Il nous conte l’histoire d’un exode, d’une tribu indienne chassée par un parti de colons grossiers et supérieurs en nombre. A cette tragédie, qui n’aura pas de résolution, Griffith ajoute le drame intime de l’un des guerriers, qui voit partir sa bien aimée, gardée par les blancs afin de servir de domestique, et sans doute plus si affinités. Après avoir laissé faire, poussé par ses pairs qui étaient conscients de l’impossibilité de la lutte face à l’homme blanc, le jeune homme est revenu et a plaidé sa cause. Grâce à la magnanimité d’un des blancs, la jeune femme lui est revenue, à temps pour se recueillir sur la dépouille mortelle de son père, le vieux chef mort durant l’exode.
L’ouverture du film est sans ambiguïté: l’histoire sera celle des Indiens, et dans un premier temps, seule l’image a droit de cité ; le premier plan nous montre un campement indien, efficacement juché en haut d’une colline, ce qui donne au relief une présence dramatique, tout en étant faux historiquement : ces Indiens auraient installé leur campement dans une vallée. Mais l’utilisation du relief accidenté est l’une des constances de ce film, tout comme celle de la nature : le seul plan de sous-bois Idyllique est le deuxième, il nous conte le flirt de l’héroïne avec le jeune guerrier, au bord d’une source ; une félicité vite démentie par la suite de l’histoire. Le premier intertitre annonce l’arrivée des Blancs, les « Conquérants » nous dit-on; en faits, ils apparaissent, de plus en plus nombreux, à la faveur d’une crête, et très vite ils emplissent l’écran, et pour ne rien arranger ils ont des sales têtes. Bref, des méchants. Lors des pourparlers, bien rapides comme d’habitude, Griffith oppose sciemment la dignité des Indiens à la grossièreté affichée des blancs, dans des plans un peu fouillis : il va falloir du temps avant de bien gérer les plans de foule : ceux-ci sont mal fichus et mal joués. Lors de l’exode, une nouvelle preuve de parti-pris affiché est à glaner dans un intertitre: « La mer devant nous », nous dit Griffith: il a choisi son camp, une bonne fois pour toutes. Les plans concernant la séparation des deux héros sont différents des autres : la ou les plans de foule insistent sur la dignité et la lenteur des Indiens face au malheur, l’action se précipite dès lors qu’on suit l’Indienne tentant de s’échapper, ou son galant tentant de la faire s’évader. Le bon vieux dispositif Griffithien qui consiste à mettre en parallèle un drame intime et une tragédie est déjà en place, pour longtemps (Voir Birth of a nation, Intolerance, Orphans of the Storm, America…).
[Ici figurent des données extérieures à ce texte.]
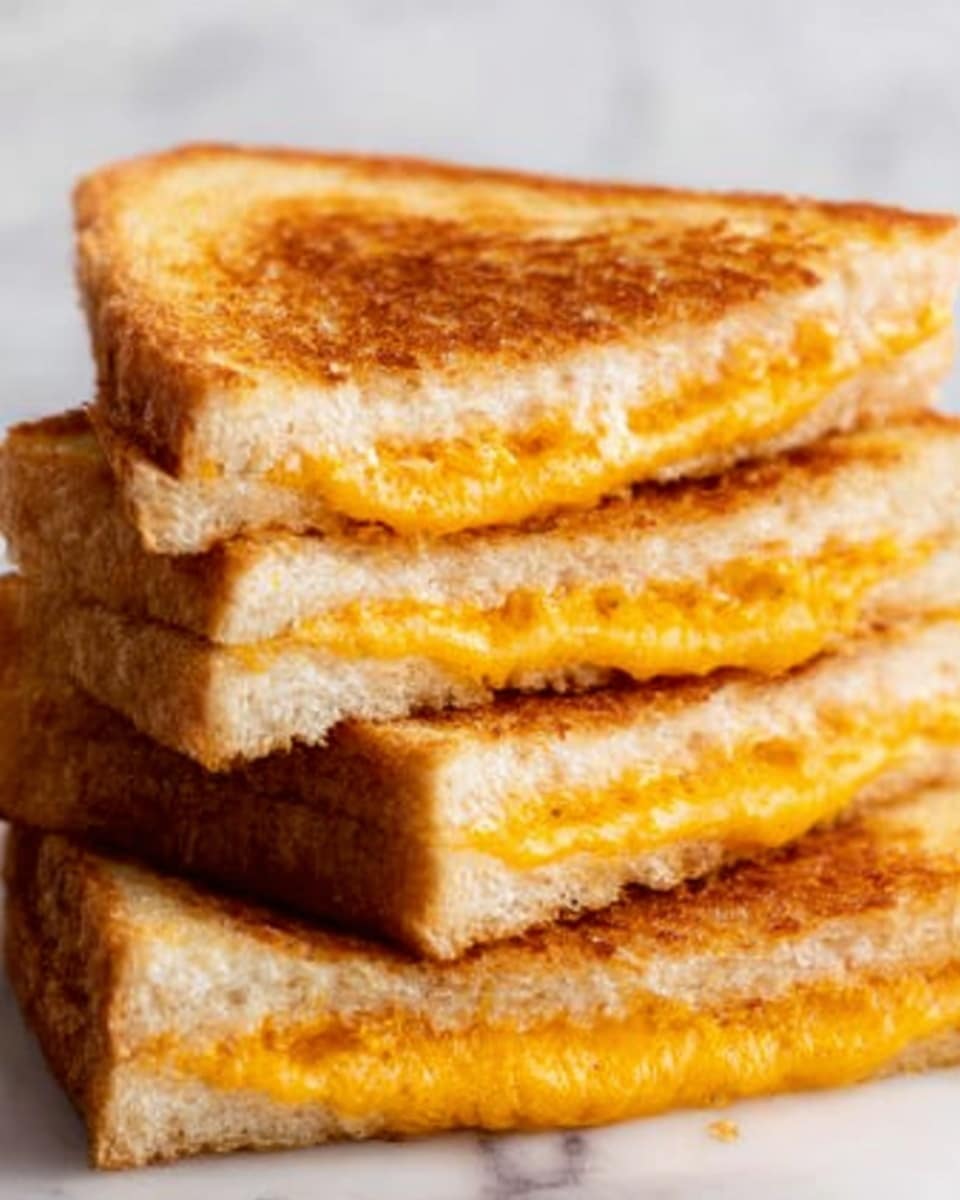 The image shows a close-up of a stack of grilled cheese sandwich halves with three layers. Each sandwich consists of two slices of toasted white bread with a golden brown, crispy texture on the outside. Inside, there is a melted, bright orange cheese layer that looks gooey and soft, slightly oozing between the bread slices. The sandwiches are stacked unevenly on a white marbled surface, creating a cozy and warm feeling. Photo taken with an iphone --ar 4:5 --v 7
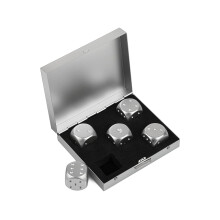 DS. WYRZNIAJACY STYL Kosci ze stopu aluminium 5 sztuk 16 mm Przenosne metalowe kosci w kwadratowej obudowie 6-stronne kostki do gry przy drinku - sr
Mais au final du film, on ne s’y trompe pas, le propos du film est d’apporter un éclairage sur les populations Indiennes, en les présentant non comme des sauvages, mais comme une civilisation : on nous gratifie d’une cérémonie funéraire en bonne et due forme. Le plan final fait se rejoindre la tragédie et le drame pour l’instant évité : le jeune couple se recueille, de dos, devant la dépouille mortelle, celle du vieux chef, mais aussi celle des Indiens en général.